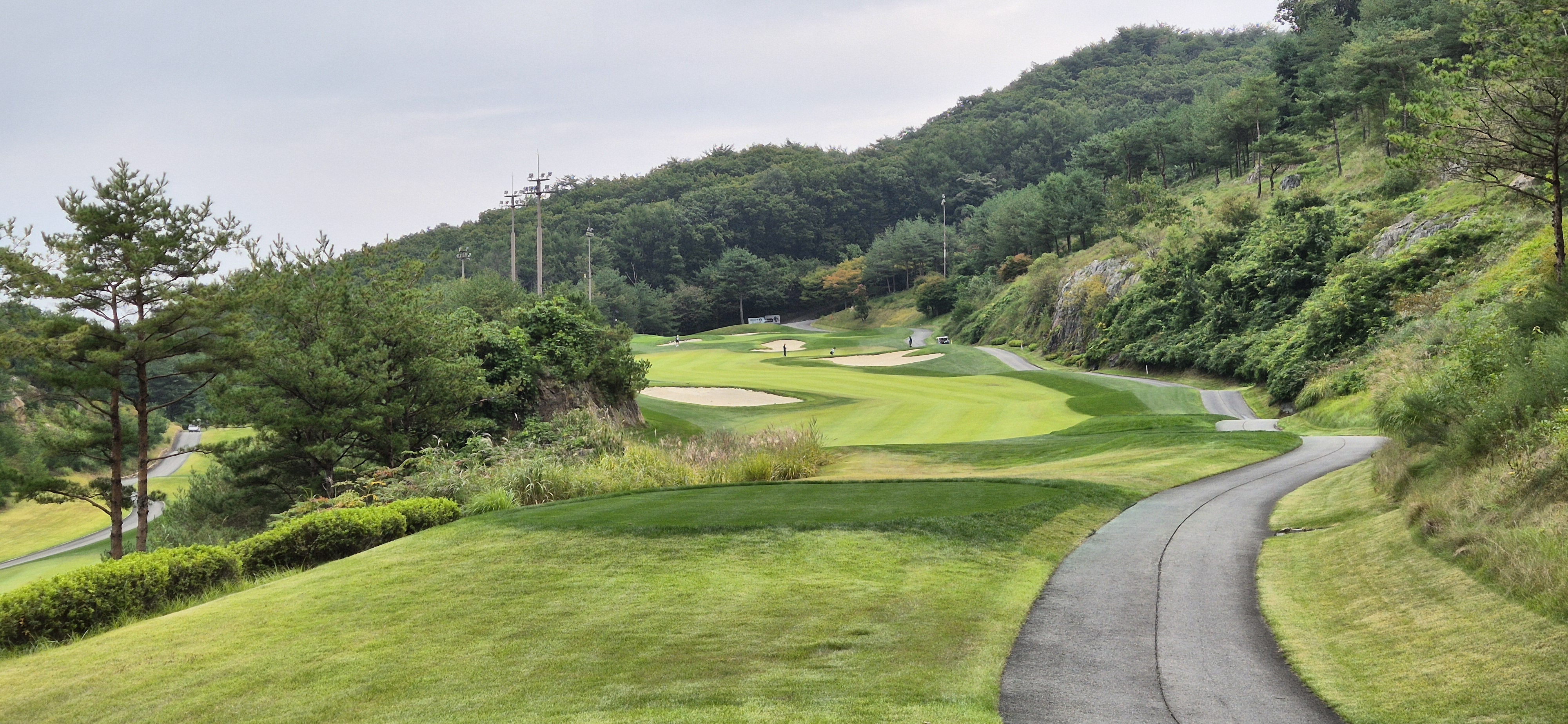 소노펠리체cc이스트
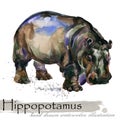 Hippopotamus hand drawn watercolor illustration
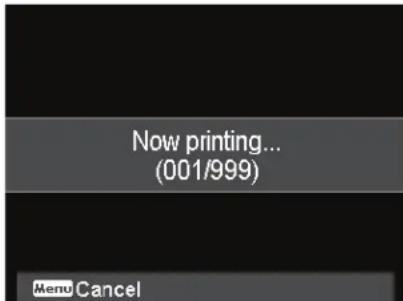 Now printing... (001/999) Menu Cancel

* * * *

### [Task prompt]
Set down all the material exactly once more. No pictures.

### [Exercise response]
 소노펠리체cc이스트
 Hippopotamus hand drawn watercolor illustration
 Now printing... (001/999) Menu Cancel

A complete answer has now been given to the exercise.